There's a time of the year, this time I guess, when the 2L Recordings release schedule quiets down. Most of the year there's a fairly steady flow of music from this Norwegian label, but there's always a point, right around the holidays, where I stop and suddenly wonder if I'm missing anything. But I've grown to expect the gap, and now I'm wondering if it has anything to do with the Grammy Awards. You see, Morten Lindberg gets nominated for Grammy Awards pretty much every year, mostly in tech-slanted awards such as Best Surround Sound Album. See, it's not just me raving about some tiny record label. No, 2L Recordings is a big deal now, something that's slowly carving its way into the mainstream of the US music industry.

They're getting a ton of recognition for both content and the technological advances they employ in the recording studio, but this year's Grammy coverage included a couple of stories about Morten's his dubious new record--most nominations without a win. He's 0-26, and 2L in general is 0-34. Morten and 2L have become the Susan Lucci of Norwegian audiophile record labels, which is absurd.

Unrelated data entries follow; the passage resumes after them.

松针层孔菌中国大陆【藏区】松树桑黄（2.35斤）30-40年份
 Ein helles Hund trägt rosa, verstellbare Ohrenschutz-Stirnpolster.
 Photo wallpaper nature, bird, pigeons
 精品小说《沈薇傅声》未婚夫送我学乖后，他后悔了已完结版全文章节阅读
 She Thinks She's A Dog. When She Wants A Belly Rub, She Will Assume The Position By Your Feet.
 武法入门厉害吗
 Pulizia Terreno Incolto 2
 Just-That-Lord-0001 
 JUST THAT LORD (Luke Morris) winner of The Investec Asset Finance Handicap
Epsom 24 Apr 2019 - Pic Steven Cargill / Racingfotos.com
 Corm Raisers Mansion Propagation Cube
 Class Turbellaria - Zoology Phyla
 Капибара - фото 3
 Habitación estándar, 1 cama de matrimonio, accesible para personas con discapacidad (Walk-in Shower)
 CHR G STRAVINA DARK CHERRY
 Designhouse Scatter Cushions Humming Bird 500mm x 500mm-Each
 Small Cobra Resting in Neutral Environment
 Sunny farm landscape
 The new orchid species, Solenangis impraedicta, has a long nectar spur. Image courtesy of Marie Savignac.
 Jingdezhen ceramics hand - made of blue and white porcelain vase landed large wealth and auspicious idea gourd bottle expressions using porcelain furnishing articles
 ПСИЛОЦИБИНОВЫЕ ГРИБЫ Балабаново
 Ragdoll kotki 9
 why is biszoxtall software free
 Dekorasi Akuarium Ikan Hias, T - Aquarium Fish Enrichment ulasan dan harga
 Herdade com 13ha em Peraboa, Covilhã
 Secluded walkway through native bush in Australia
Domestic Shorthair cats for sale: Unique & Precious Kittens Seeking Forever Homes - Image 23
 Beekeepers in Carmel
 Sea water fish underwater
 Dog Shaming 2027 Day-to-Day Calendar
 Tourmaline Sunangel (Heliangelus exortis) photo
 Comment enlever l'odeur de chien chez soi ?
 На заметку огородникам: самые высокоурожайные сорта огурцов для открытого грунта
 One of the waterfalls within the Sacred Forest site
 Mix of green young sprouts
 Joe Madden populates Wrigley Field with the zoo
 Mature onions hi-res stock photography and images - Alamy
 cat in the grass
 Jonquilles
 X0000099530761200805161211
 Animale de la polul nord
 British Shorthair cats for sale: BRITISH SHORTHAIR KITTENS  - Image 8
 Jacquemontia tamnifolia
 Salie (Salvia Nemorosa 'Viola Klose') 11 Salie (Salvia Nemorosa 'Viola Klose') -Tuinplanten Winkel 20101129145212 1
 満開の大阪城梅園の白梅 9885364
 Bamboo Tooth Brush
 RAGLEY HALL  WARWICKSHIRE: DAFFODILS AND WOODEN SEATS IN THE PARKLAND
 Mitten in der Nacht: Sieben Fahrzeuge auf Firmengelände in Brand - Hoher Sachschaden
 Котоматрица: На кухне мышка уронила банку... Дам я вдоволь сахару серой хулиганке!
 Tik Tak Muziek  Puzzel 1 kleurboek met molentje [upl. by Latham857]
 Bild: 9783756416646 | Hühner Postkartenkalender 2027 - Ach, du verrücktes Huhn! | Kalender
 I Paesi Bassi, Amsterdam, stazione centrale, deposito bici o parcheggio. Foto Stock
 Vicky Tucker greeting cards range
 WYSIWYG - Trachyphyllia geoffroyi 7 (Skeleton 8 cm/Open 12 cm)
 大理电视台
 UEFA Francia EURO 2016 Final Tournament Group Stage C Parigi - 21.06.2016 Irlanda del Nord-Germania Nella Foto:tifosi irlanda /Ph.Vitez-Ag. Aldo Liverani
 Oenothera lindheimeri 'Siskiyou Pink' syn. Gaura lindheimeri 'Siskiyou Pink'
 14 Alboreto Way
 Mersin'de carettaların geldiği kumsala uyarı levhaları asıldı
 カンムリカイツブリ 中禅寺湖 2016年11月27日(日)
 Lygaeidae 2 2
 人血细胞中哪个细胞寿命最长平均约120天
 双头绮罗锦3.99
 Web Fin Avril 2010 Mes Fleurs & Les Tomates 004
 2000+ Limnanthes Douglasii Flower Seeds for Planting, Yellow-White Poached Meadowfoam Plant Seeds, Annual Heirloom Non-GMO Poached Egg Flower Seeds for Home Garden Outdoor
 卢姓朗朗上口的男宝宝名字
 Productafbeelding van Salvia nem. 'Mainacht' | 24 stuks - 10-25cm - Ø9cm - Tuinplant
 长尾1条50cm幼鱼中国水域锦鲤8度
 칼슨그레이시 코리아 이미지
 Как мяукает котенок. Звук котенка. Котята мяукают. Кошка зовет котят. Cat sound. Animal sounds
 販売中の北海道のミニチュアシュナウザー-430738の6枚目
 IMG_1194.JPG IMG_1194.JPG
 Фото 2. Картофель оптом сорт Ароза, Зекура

It's more than just sounding the best of course--this year, Ujamaa lost the Grammy to Alan Parson's 35th anniversary tribute to Eye in the Sky. (I'm just laying that out there, with no judgment whatsoever.) If you listened to just a handful of 2L Recordings, random picks out of the proverbial hat, you'd be very surprised to learn that they haven't locked up this category over the last seven or eight years.


It's no longer that time of year. I've received three new releases from 2L Recordings, and they are called Ujamaa, Ljos and Lux. Together, they form a trio of performances of original compositions with similar sizes and scopes as well as similar themes. Also, there's a strong vein of folk music running through these three impressive new releases. That's part of the point, and why I haven't started disassembling Ujamaa yet. These three recordings flow so evenly, even though we're dealing with different composers and arrangers and ensembles. Ujamaa, I suppose, blooms even further once you hear all three CDs in a row.

The title of this album is either Ujamaa & The Iceberg or just Ujamaa, depending where you look. This album, performed by the Trondheim Symphony Orchestra and Choir, features two cantatas from Henning Sommerro, a Norwegian composer who was born in 1952. Ujamaa, by the way, is Swahili for "coming together in brotherhood," and this suggests a long distance bonding between two very different cultures. The thunderous rhythms in "Ujamaa" do sound less "Scandinavian" than usual until you realize that so much of Norwegian folk music, like Sami, has drumming that will remind you of Native American music. (That's just a loose interpretation, of course, since the links to Africa are clearly drawn here.) Sommerro has done something unusual, however, in placing that small folk ensemble in the middle of a big orchestra. This arrangement allows all the musicians more space to deliver all the history.

Because the approach is so expansive and varied over the course of these two cantatas, you'll hear an incredible amount of those 2L treasures--the ability to map out the walls and the ceilings of the old church where these recordings take place. For some reason this feels like one of the biggest ensembles Morten has put into a single room, except for maybe a couple of the choral recordings, and that flexibility gives this lush, tropical music from Norway a fascinating glow. As I mentioned, I listened to Ujamaa once before I also listened to Lux and Ljos, and then I went back to the start and felt like I was listening to some completely different.

I'll say one thing right now--the release of these three CDs in a row was an inspired decision.